Academic health centres and research universities are also under threat. The Trump administration has proposed a nearly 40% cut to the US National Institutes of Health budget, with some universities such as Harvard, Columbia and the University of California system threatened with additional sanctions. In my latest book, with Michael Mann, Science Under Siege, we compare the coordinated attacks against both biomedicine and climate science.
Will this unique brand of American anti-science, linked to extremist politics and wellness influencer products, globalise? American anti-science has already gone beyond US borders into Canada where measles outbreaks are also underway. In addition, the US government has indicated its intention to pull critical financial support for science-driven global health organisations, including the World Health Organizationand Gavi, the Vaccine Alliance. But documenting the spread of US antivaccine–anti-science activism to LMICs in Africa, Asia and Latin America is not straightforward or easy to document, given that it mainly occurs through local media, WhatsApp and other personal device messaging. Reports on American antivaccine leaders pop up often on local news sites in LMICs, as do antivaccine films made in the US. It is not unusual to learn of LMIC government leaders repeating antivaccine and anti-science rhetoric from the US.

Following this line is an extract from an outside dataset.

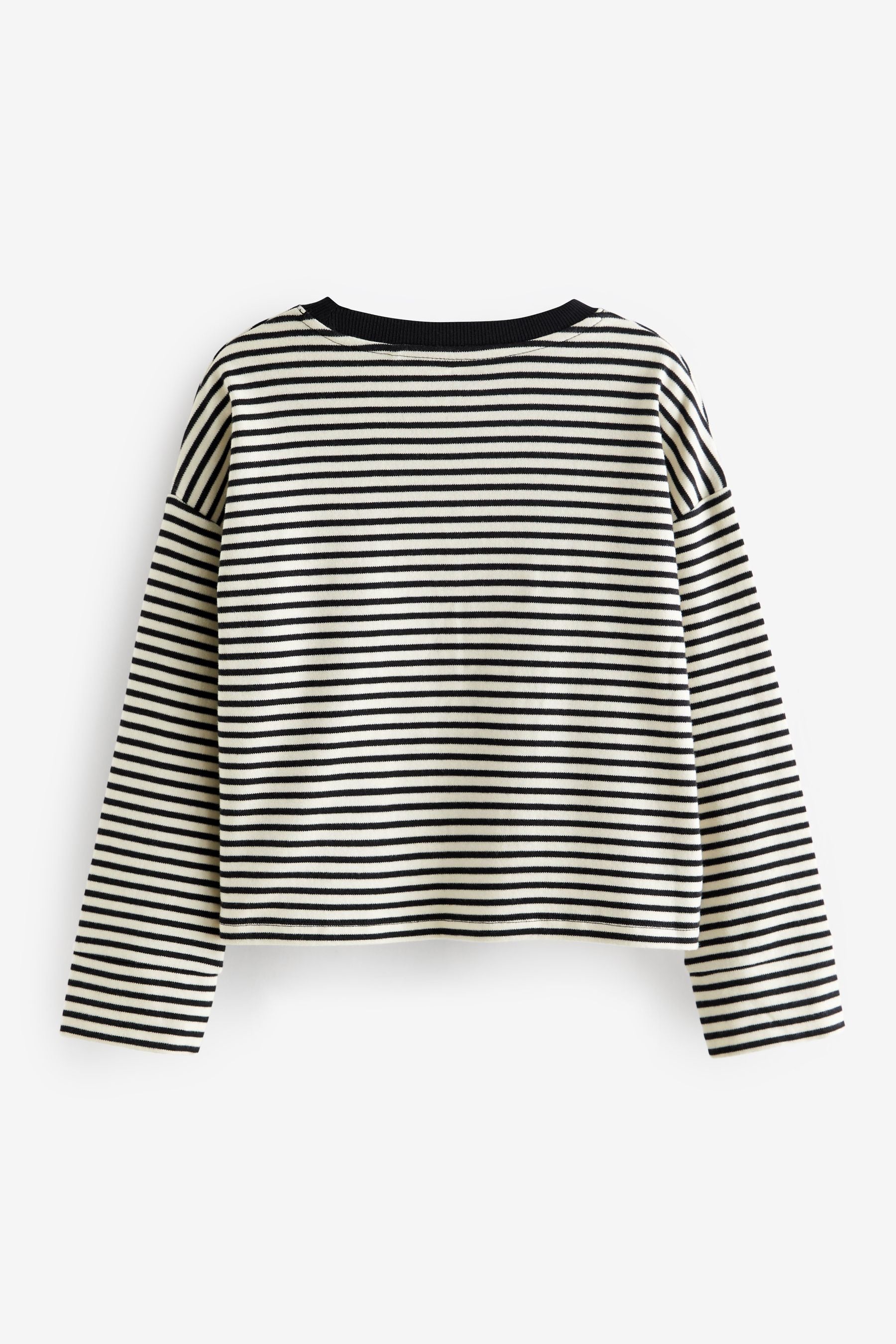 Black/White Stripe Long Sleeve Boxy T-Shirt (3-16yrs)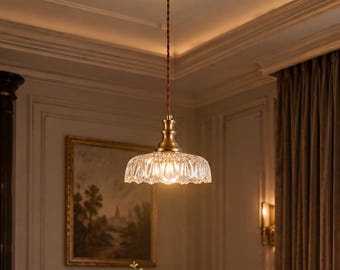 Gold Finish Glass Pendant Light | Clear Petal Glass Shade, Adjustable Cord E26 Vintage Hanging Lamp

In 2023, the WHO sounded an alarm regarding the decline in MMR vaccination rates and the return of measles and other childhood illnesses. The concern is that this reflects the globalisation of what accelerated out of Texas a decade ago. For years, I would visit Latin American countries to address their medical societies. I would begin by congratulating their physician members on holding the line and preventing the contamination of US antivaccine activism south of the border. This is no longer the case. I am concerned that increasingly vaccination rates will decline in LMICs across the world. Our global vaccine ecosystem is fragile.